══ Given data ══
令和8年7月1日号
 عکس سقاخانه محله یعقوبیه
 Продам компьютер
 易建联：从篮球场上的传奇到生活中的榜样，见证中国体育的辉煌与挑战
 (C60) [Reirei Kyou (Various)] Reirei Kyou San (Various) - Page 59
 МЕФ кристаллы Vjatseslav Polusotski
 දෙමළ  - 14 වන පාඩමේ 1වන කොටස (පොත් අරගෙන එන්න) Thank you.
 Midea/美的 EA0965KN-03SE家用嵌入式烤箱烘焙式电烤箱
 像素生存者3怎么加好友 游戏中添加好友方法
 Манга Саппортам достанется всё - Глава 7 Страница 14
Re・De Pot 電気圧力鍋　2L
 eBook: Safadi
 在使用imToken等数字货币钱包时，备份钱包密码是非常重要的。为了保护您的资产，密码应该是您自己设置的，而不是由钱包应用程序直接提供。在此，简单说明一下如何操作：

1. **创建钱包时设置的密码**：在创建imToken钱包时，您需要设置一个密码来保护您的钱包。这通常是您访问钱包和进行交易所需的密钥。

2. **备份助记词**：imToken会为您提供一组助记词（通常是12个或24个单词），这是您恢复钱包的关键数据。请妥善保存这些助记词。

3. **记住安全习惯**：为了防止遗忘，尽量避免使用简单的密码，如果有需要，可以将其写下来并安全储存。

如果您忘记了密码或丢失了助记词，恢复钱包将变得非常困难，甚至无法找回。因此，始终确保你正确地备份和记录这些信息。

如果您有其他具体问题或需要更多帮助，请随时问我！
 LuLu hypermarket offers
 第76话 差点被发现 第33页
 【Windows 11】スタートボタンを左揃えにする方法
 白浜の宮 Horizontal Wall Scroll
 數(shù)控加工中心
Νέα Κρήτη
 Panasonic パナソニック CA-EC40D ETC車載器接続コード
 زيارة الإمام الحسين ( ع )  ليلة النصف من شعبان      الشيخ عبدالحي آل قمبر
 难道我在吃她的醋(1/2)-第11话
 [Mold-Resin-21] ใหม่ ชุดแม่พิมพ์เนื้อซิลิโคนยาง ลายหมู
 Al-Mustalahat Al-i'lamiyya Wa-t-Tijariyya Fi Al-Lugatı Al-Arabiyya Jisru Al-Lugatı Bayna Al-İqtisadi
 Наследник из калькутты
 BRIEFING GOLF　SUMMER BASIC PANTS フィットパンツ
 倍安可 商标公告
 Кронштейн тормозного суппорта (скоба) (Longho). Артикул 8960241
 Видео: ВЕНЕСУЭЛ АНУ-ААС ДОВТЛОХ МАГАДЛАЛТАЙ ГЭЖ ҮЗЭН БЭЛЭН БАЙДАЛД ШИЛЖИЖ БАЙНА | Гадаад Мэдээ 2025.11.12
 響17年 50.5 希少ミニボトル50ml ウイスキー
═══
_Work instruction_
Lines before the one containing "第76话 差点被发现 第33页" are not wanted; please set down that line and every line after it through the end of the material, exactly.

_Result of the exercise_
 第76话 差点被发现 第33页
 【Windows 11】スタートボタンを左揃えにする方法
 白浜の宮 Horizontal Wall Scroll
 數(shù)控加工中心
Νέα Κρήτη
 Panasonic パナソニック CA-EC40D ETC車載器接続コード
 زيارة الإمام الحسين ( ع )  ليلة النصف من شعبان      الشيخ عبدالحي آل قمبر
 难道我在吃她的醋(1/2)-第11话
 [Mold-Resin-21] ใหม่ ชุดแม่พิมพ์เนื้อซิลิโคนยาง ลายหมู
 Al-Mustalahat Al-i'lamiyya Wa-t-Tijariyya Fi Al-Lugatı Al-Arabiyya Jisru Al-Lugatı Bayna Al-İqtisadi
 Наследник из калькутты
 BRIEFING GOLF　SUMMER BASIC PANTS フィットパンツ
 倍安可 商标公告
 Кронштейн тормозного суппорта (скоба) (Longho). Артикул 8960241
 Видео: ВЕНЕСУЭЛ АНУ-ААС ДОВТЛОХ МАГАДЛАЛТАЙ ГЭЖ ҮЗЭН БЭЛЭН БАЙДАЛД ШИЛЖИЖ БАЙНА | Гадаад Мэдээ 2025.11.12
 響17年 50.5 希少ミニボトル50ml ウイスキー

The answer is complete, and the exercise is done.